The listing below should be reproduced precisely, except for its images.

Dataset section:
○ ○ ○ ○

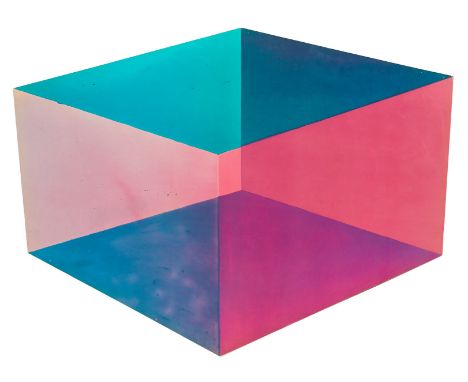 Ron Davis (American, b. 1937). "Cube I" from "Cube Series," 1971, five color photo offset lithograph on plastic with laminate
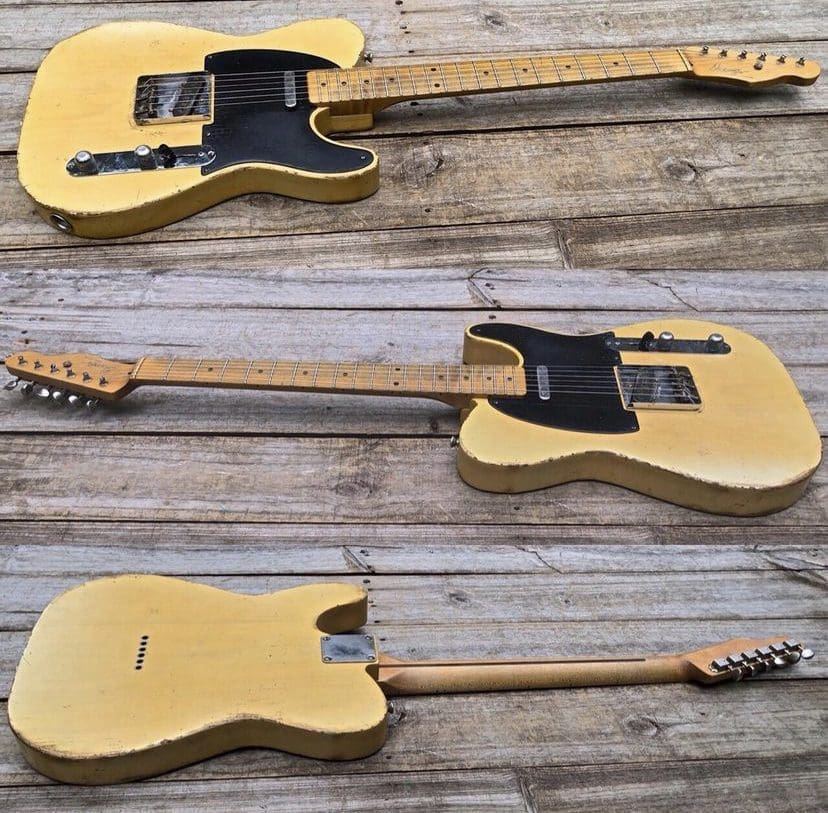 Danocaster Single Cut Butterscotch Blackguard Electric Guitar - One Piece Ash Body & Budz A3 Pickups! - Image 7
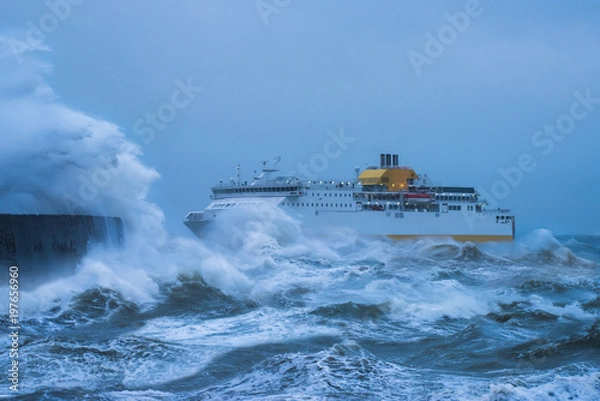 Fototapeta Storm Force. Ship struggling to make the safety of the harbour. Newhaven East Sussex, UK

○ ○ ○ ○

Exercise response:
 Ron Davis (American, b. 1937). "Cube I" from "Cube Series," 1971, five color photo offset lithograph on plastic with laminate
 Danocaster Single Cut Butterscotch Blackguard Electric Guitar - One Piece Ash Body & Budz A3 Pickups! - Image 7
 Fototapeta Storm Force. Ship struggling to make the safety of the harbour. Newhaven East Sussex, UK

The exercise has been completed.